■ Task ■
In your copy of the data, omit the pictures and keep all else exactly as given.

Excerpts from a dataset
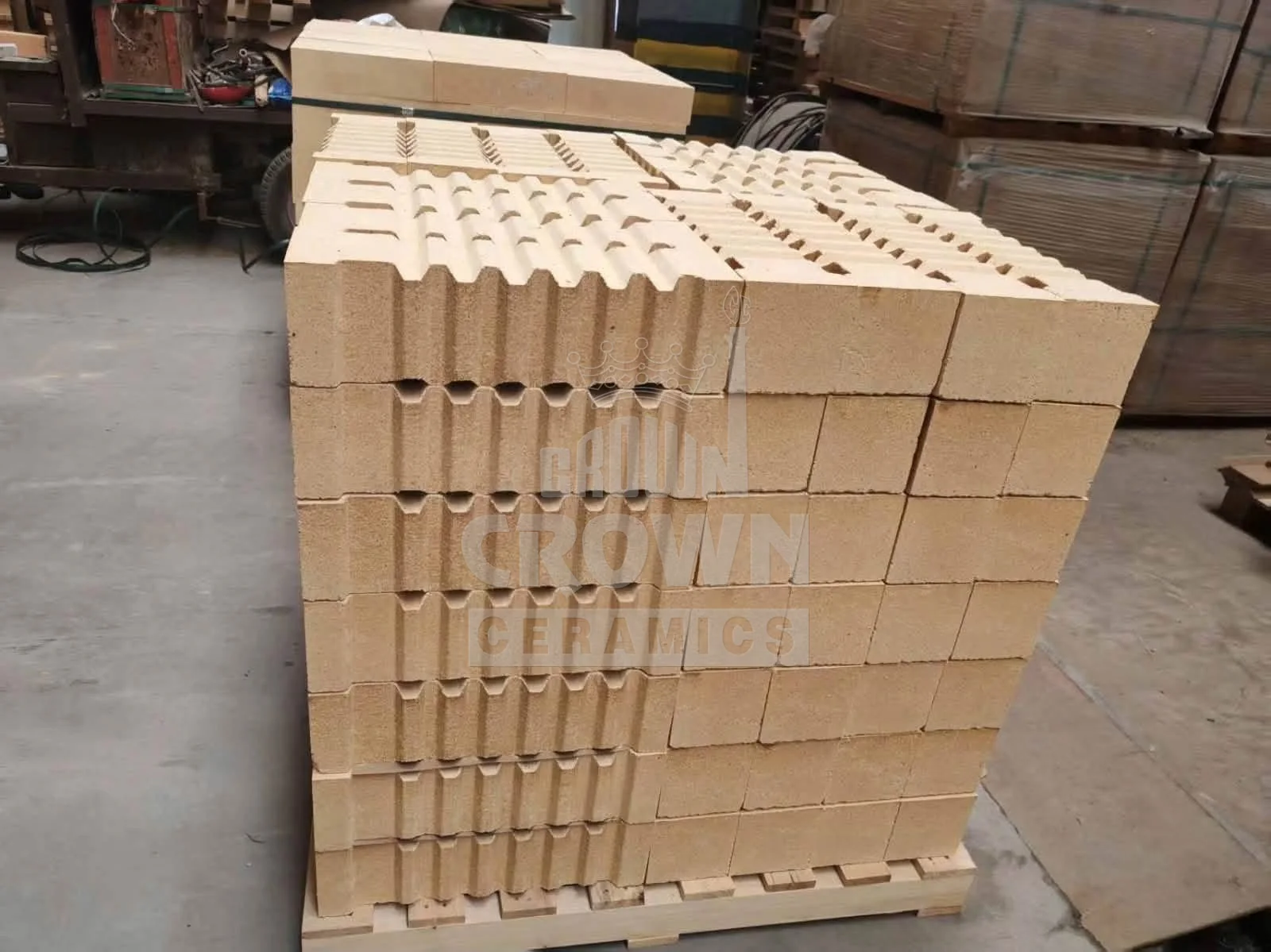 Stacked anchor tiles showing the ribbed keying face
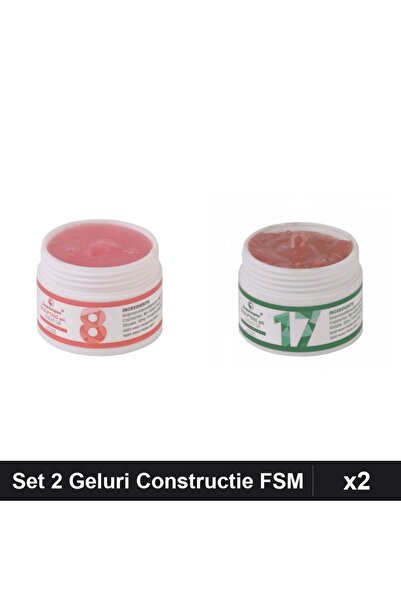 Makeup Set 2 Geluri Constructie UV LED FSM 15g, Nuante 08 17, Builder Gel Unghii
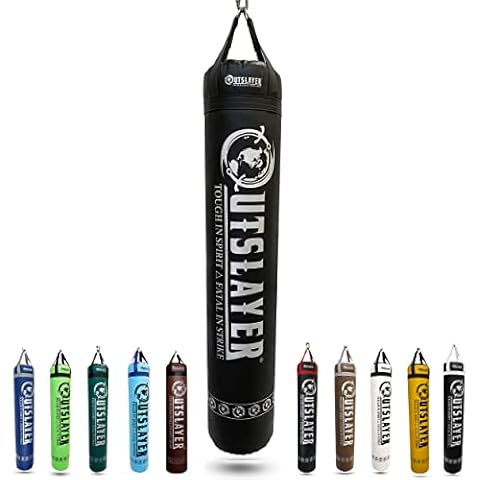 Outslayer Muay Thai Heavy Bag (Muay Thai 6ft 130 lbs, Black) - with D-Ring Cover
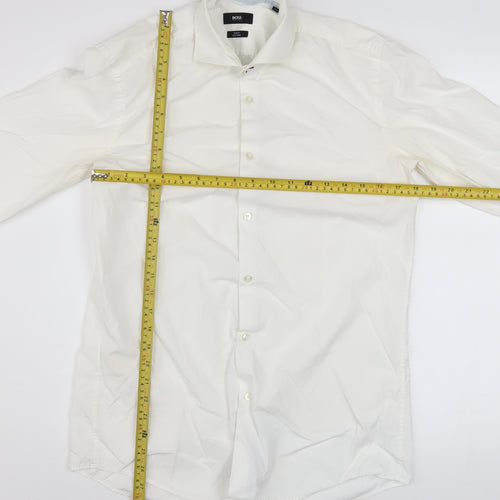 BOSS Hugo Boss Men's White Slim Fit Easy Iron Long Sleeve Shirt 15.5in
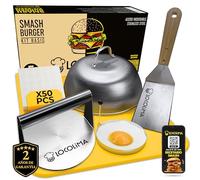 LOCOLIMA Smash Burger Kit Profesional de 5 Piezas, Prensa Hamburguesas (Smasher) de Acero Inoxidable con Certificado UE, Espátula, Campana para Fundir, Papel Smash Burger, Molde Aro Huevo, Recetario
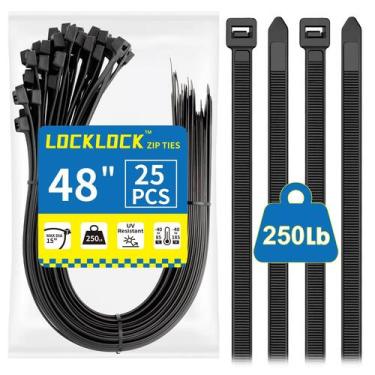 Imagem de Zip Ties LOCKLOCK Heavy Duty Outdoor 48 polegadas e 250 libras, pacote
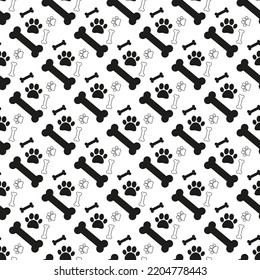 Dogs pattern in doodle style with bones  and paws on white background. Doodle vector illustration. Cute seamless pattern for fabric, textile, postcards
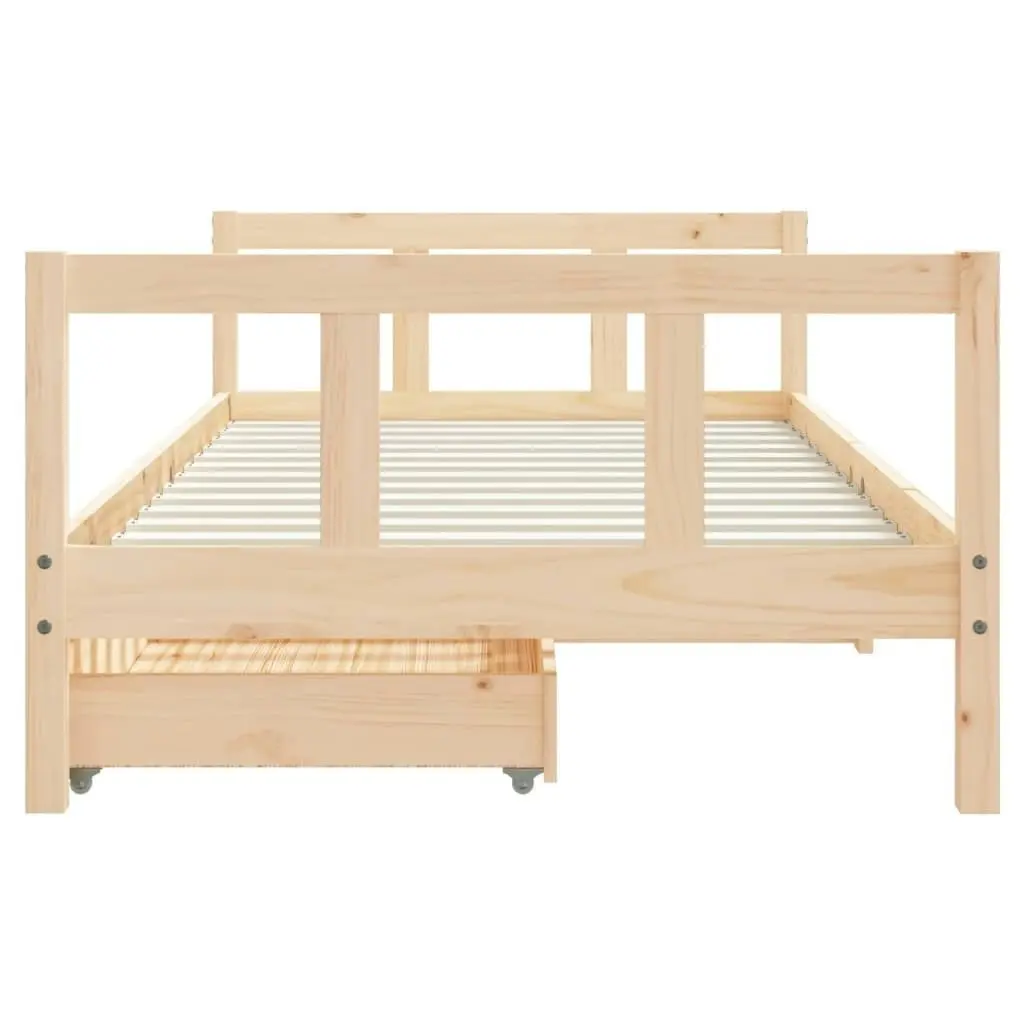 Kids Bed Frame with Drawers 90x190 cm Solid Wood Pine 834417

■ Solved exercise ■
 Stacked anchor tiles showing the ribbed keying face
 Makeup Set 2 Geluri Constructie UV LED FSM 15g, Nuante 08 17, Builder Gel Unghii
 Outslayer Muay Thai Heavy Bag (Muay Thai 6ft 130 lbs, Black) - with D-Ring Cover
 BOSS Hugo Boss Men's White Slim Fit Easy Iron Long Sleeve Shirt 15.5in
 LOCOLIMA Smash Burger Kit Profesional de 5 Piezas, Prensa Hamburguesas (Smasher) de Acero Inoxidable con Certificado UE, Espátula, Campana para Fundir, Papel Smash Burger, Molde Aro Huevo, Recetario
 Imagem de Zip Ties LOCKLOCK Heavy Duty Outdoor 48 polegadas e 250 libras, pacote
 Dogs pattern in doodle style with bones  and paws on white background. Doodle vector illustration. Cute seamless pattern for fabric, textile, postcards
 Kids Bed Frame with Drawers 90x190 cm Solid Wood Pine 834417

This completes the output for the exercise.